`Home     Our Services     Your Resources     News & blog     About us     Contact

Wordstat reveiwed

When analysing data, words tend to fail most software solutions. Tim Macer reviews a textual analysis tool that can sift through open-ended responses.

Add a few open-ended questions to an Internet survey and - if your respondents are at all engaged with the subject matter - you will find yourself awash with verbatim responses. Processing these answers using classic coding methods is not only time-consuming, but unless you have the time to read every raw comment, leaves you with the uneasy feeling that the most valuable insights may have been left on the coding room floor.

WordStat is a statistically-based textual analysis tool that can overcome this by providing a very different and stunningly effective way to handle open-ended answers.
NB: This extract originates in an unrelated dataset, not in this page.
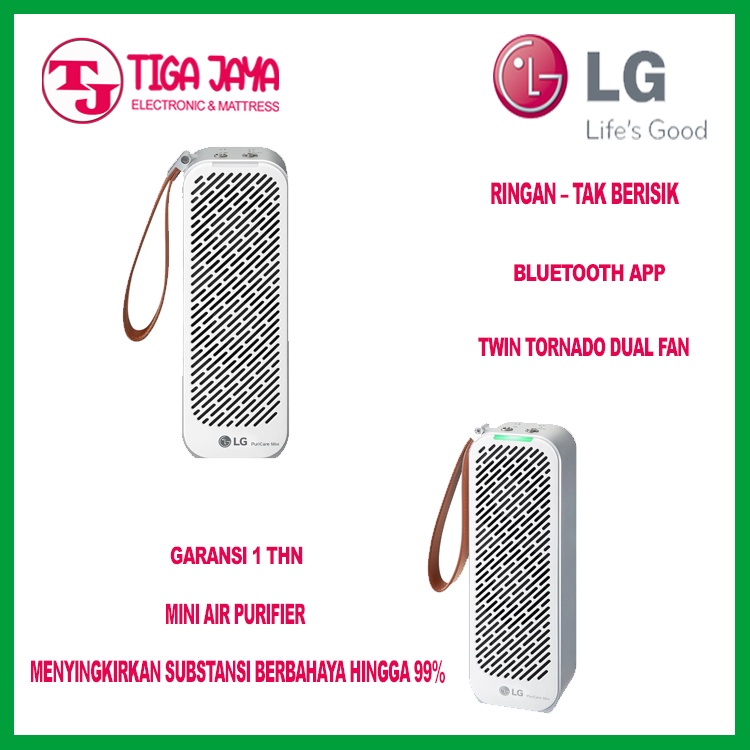 LG AP151MWA1 LG PuriCare Mini Air Purifier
It does not try to ape verbatim coding, but uses a range of advanced computer-based textual analysis methods to search out recurrent words and phrases. But words and short phrases can be misleading, and a poor indicator of meaning. Who knows what the two words “cool reception” might mean without seeing more of the answer. Is it a begrudging welcome, air conditioning set to 18C or even, just possibly, the ultimate in iconic urban foyer design? Here WordStat excels by always letting you zoom between the macro- and micro-view of your respondents’ comments so you can always get to the context and intervene with your own expert judgement.

The tool comes from Provalis Research, a software company based in Montreal. It is offered as a bolt-on module to their SimStat statistical analysis program, or QDA Miner, a qualitative code-and-retrieve analysis tool. A single licence to Simstat with WordStat costs around £600 at current exchange rates.

The first step is to get the data in, and that works best from SPSS or data in excel. Both categorical variables and verbatim texts are imported together. Unfortunately, there is no support for triple-s or other common MR data collection platforms, which is likely to result in some re-keying of labels on all the profile variables you import. You use the Simstat interface to access WordStat. This is a fully featured stats package with its own cross-tab facilities. If you refer to a variable that contains literal verbatim text, Simstat click into the specific WordStat capabilities. It is all quite seamless, and overall, the interface and navigation through the program is pretty well designed — though it is somewhat eye-poppingly sprawling, in the way that statistical software so often is.

The first time you use the system, you will need to spend longer than usual in populating the dictionary - which is really your own subject-specific wordlist - with all terms you encounter in your data. It provides a range of tools and helpers here; listing all of the words it has found in your data for example. There is a complementary pre-populated list of ‘exclusion’ words: several hundred uninteresting utility words like, ‘the’ ‘of’ ‘and’ etc. This too, you can edit in full.

There are many different ways to identify and analyse textual answers. The best place to start is with simple frequencies of words found in your word list. You can also look at frequencies of the words not found in your list, which is a good way to build the list in the first place, and also to spot emerging trends or differences in any longitudinal studies.

The dictionary applies lemmatisation rules, which you may also adjust - these ensure that word stems, singular and plural forms, abbreviations and even common misspellings get treated as one word.

From viewing words by frequency, a Key-Word-in-Context very usefully lets you drill down to the actual occurrences found - you will see a short single-line snippet of each, with the immediate words around it. A further click will reveal the whole verbatim, with the key words helpfully highlighted. Then it starts to get clever. You can also cross-tab words with other categorical variables in your data, and start to see associations. There is a phrase finder, where you can specify a minimum and maximum word length, and again these can be cross-tabbed and viewed in context.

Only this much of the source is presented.